Remove the battery cover, then remove the screw I'm pointing at in order to get into the back of the case.

After you've opened the case, this what it will look like.

Two board types in stock!  Both work the same for our purposes!  We are only using the red wire where it connects to the negative battery terminal post.

Newer Device Circuit Board - pointing at black blob.
While building the circuit, I realized there were two (2) versions of the device, both bought at the same time from the same Dollar Store.  This is the newer device, showing a 'black blob' where the square wave generator is located.

Older Device Circuit Board - pointing at discrete components.
This works the same as the newer board.

Unsolder the red wire from this junction - it is the negative battery post.  Leave the other end of the red wire still connected to the circuit board.  We will be inserting the transistor between this negative battery post and the red wire, so the transistor, in acting like a switch; allowing current to flow back to the negative battery post when transistor enabled, and no current when transistor disabled.

Connect a green wire to the negative batter post you just removed the red wire from above.  This will be connected to our circuit common.

Next we are going to connect a yellow wire to the red wire that was removed from the negative battery post previously.  So, solder it in already!  Our transistor will be going between this yellow wire and green wire.

This is how the circuit will function.  The green wire is connected to ground, the yellow wire is connected to the collector of the 2N3904 NPN transistor.  The emitter is connected to ground.  The base is connected to a 6.8K resistor, and then to the output pin 5 of the NodeMCU device, which will switch 0 - 3.3vdc.

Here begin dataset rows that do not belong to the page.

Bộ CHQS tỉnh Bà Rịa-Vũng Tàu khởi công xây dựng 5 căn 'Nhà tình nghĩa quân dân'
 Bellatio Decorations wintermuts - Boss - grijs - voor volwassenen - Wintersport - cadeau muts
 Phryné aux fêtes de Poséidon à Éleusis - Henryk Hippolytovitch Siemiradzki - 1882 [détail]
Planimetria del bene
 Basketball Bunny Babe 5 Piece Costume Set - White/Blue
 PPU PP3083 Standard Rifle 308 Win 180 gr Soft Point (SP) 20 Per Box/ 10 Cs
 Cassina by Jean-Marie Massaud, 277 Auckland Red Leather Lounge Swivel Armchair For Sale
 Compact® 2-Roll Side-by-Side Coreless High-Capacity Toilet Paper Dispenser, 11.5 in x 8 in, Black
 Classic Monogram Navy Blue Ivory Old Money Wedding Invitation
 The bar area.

There isn't anywhere in the ALARM case for the two new wires to pass, so I used my soldering iron to melt a small hole in the case, then put the wires in, and closed up the case.

Testing!  A simple test of just the wiring changes!
Before transistor and software are added to the circuit!

I've inserted the batteries (polarity as indicated in the battery compartment bottom), and made sure to slide the switch to 'On' position - it won't sound if you don't turn it on!

With everything on, and the two wires not connected, the ALARM should not be making an alarm sound.

With everything on, and shorting the yellow and green wires together, the ALARM should be making an alarm sound!

Circuit schematic.

Using the NodeMCU with software I created, testing.  High output from NodeMCU pin 5 (also showing on blue LED on NodeMCU) causes ALARM to sound alarm.

Using the NodeMCU with software I created, testing.  Low output from NodeMCU pin 5 (also showing no LED on NodeMCU) causes ALARM to not sound alarm.

I'll upload the software in a later, separate post.


Wednesday, February 17, 2016

Home Security/Automation System - New Design!

Design Update  (February 17, 2016)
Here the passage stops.